Hardware Constraints

The ESP32-CAM has:

4MB Flash Memory (total storage)
520KB SRAM (working memory)
240MHz Dual-Core CPU (no GPU!)
2MP Camera (OV2640 sensor)

For comparison, a typical object detection model like YOLOv3 is 237MB and requires GPU acceleration.
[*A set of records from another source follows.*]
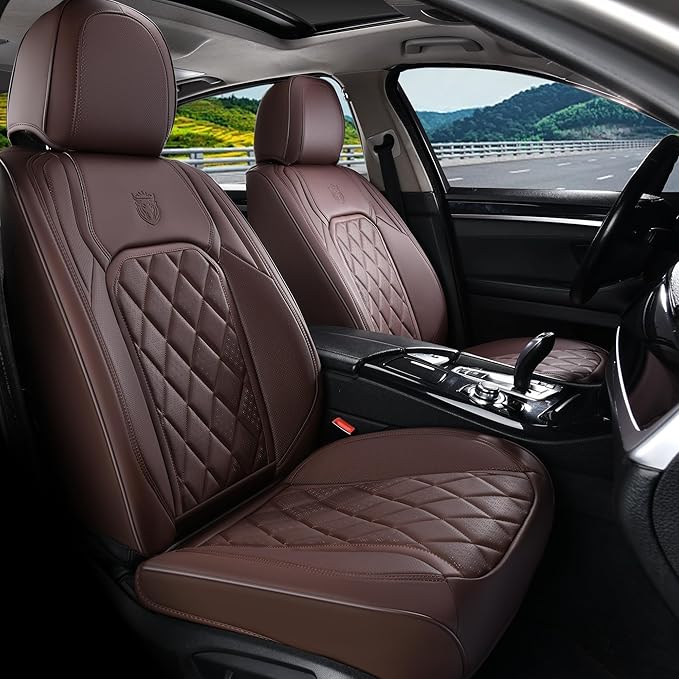 Coverado Front Seat Covers, Car Seat Covers Front Seats, Luxury Faux Leather Seat Covers for Cars, Car Seat Protector Waterproof, Automotive Driver Seat Cover Universal Fit for Most Cars, Brown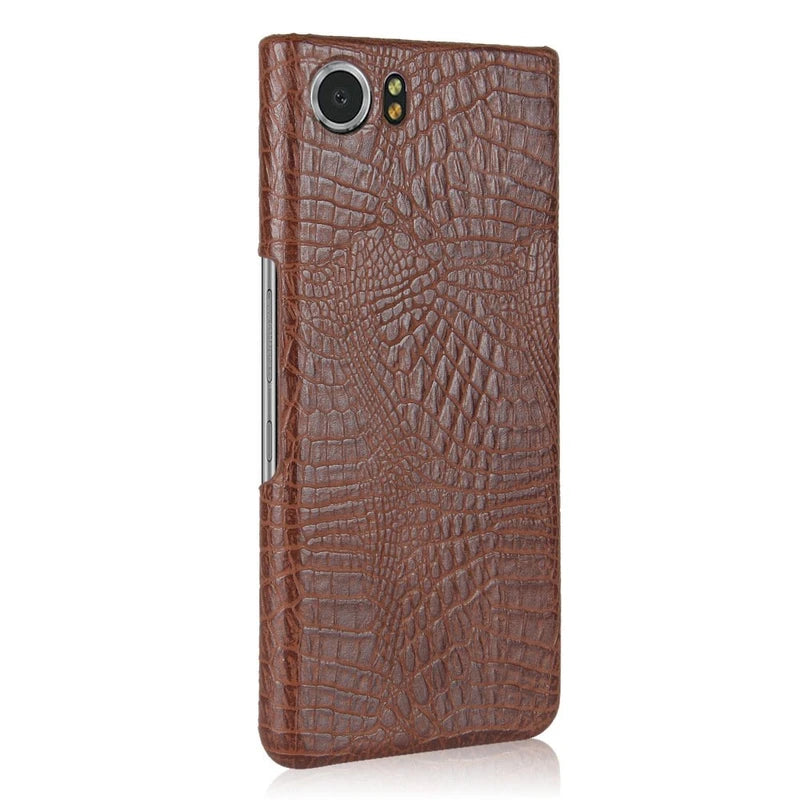 BlackBerry Keyone Case,Croco Premium PU Leather Protective Cases Simple Deurable and Lightweight Case for BlackBerry Keyone (brown)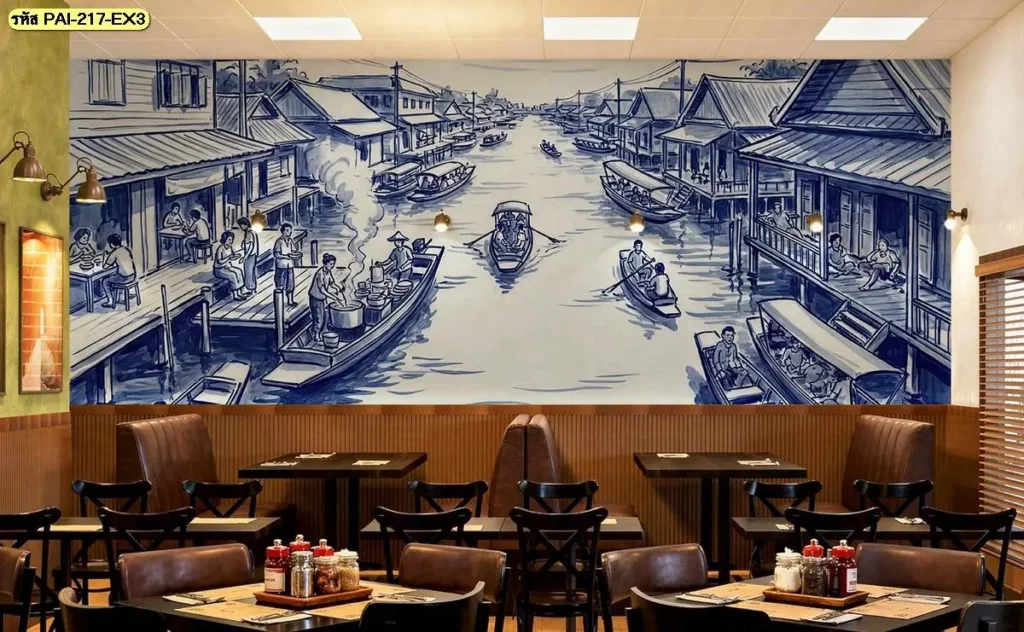 แต่งร้านก๋วยเตี๋ยวสไตล์ไทยด้วยภาพตลาดน้ำและเฟอร์นิเจอร์ไม้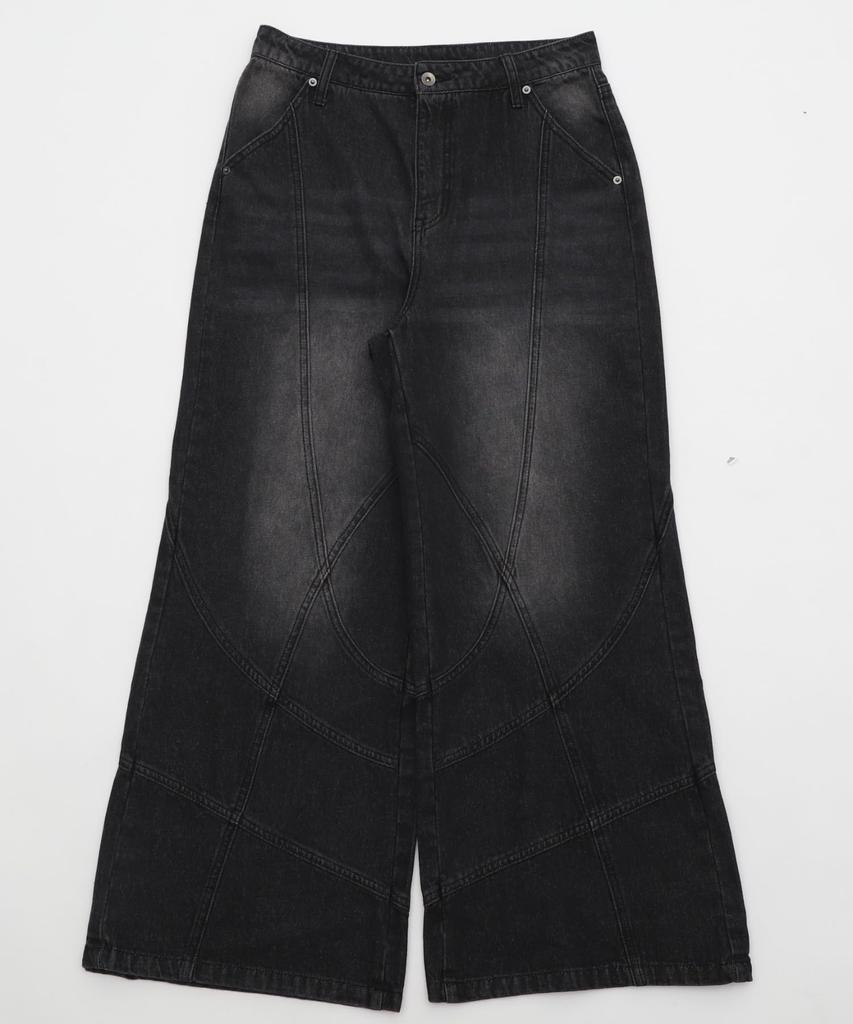 WEGO Switching Flare Denim Size Black for Streetwear and Outdoors Men's Pants, M, Denim,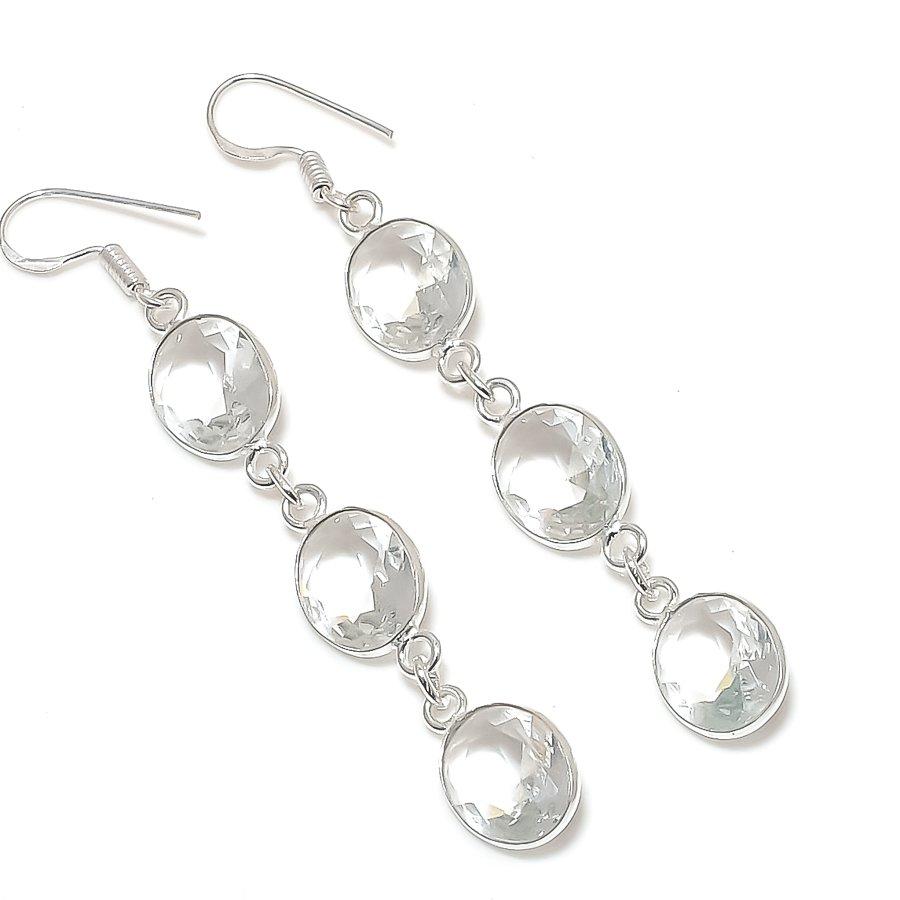 

Natural White Topaz Gemstone 925 Sterling Silver Jewelry Earring 2.88 R7W71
We need to be 75x smaller while maintaining accuracy.

Real-World Requirements

Low Latency: <100ms per frame for real-time feel
Accuracy: Must detect objects reliably (80%+ mAP)
Power Efficiency: Battery-powered applications
Deployment: Must fit in 4MB with firmware

Architecture Design

1. Base Model Selection

I started by evaluating lightweight architectures:

Model	Size	Inference Time	mAP
MobileNet-SSD	22MB	250ms	72%
Tiny-YOLO	60MB	400ms	78%
Our Custom CNN	3.2MB	66ms	85%

Why custom architecture?

Pre-trained models are designed for general-purpose detection
We can optimize for specific use cases (e.g., indoor object detection)
More control over model complexity

2. Network Architecture

class LightweightObjectDetector(nn.Module):
    def __init__(self, num_classes=10):
        super().__init__()

        # Depthwise separable convolutions (MobileNet-inspired)
        self.features = nn.Sequential(
            # Input: 160x120x3
            self._depthwise_conv(3, 16, stride=2),    # -> 80x60x16
            self._depthwise_conv(16, 32, stride=2),   # -> 40x30x32
            self._depthwise_conv(32, 64, stride=2),   # -> 20x15x64
            self._depthwise_conv(64, 128, stride=2),  # -> 10x7x128
        )

        # Detection heads
        self.bbox_head = nn.Conv2d(128, 4, kernel_size=1)  # Bounding boxes
        self.class_head = nn.Conv2d(128, num_classes, kernel_size=1)
        self.conf_head = nn.Conv2d(128, 1, kernel_size=1)  # Confidence

    def _depthwise_conv(self, in_ch, out_ch, stride):
        return nn.Sequential(
            # Depthwise
            nn.Conv2d(in_ch, in_ch, 3, stride=stride, 
                     padding=1, groups=in_ch, bias=False),
            nn.BatchNorm2d(in_ch),
            nn.ReLU6(inplace=True),
            # Pointwise
            nn.Conv2d(in_ch, out_ch, 1, bias=False),
            nn.BatchNorm2d(out_ch),
            nn.ReLU6(inplace=True)
        )

    def forward(self, x):
        features = self.features(x)
        bboxes = self.bbox_head(features)
        classes = self.class_head(features)
        confidence = self.conf_head(features)
        return bboxes, classes, confidence

Key Design Choices:

Depthwise Separable Convolutions: 8-9x fewer parameters than standard convolutions
ReLU6 Activation: More quantization-friendly than ReLU
Small Input Size: 160x120 instead of 416x416 (YOLOv3)
Single-Scale Detection: Simplified from multi-scale for speed

Model Compression Pipeline

Step 1: Knowledge Distillation

Trained a larger "teacher" model (MobileNet-SSD) and used it to guide our smaller "student" model:

def distillation_loss(student_output, teacher_output, labels, temp=3.0, alpha=0.7):
    """
    Combines hard labels with soft teacher predictions
    """
    # Hard loss (ground truth)
    hard_loss = F.cross_entropy(student_output, labels)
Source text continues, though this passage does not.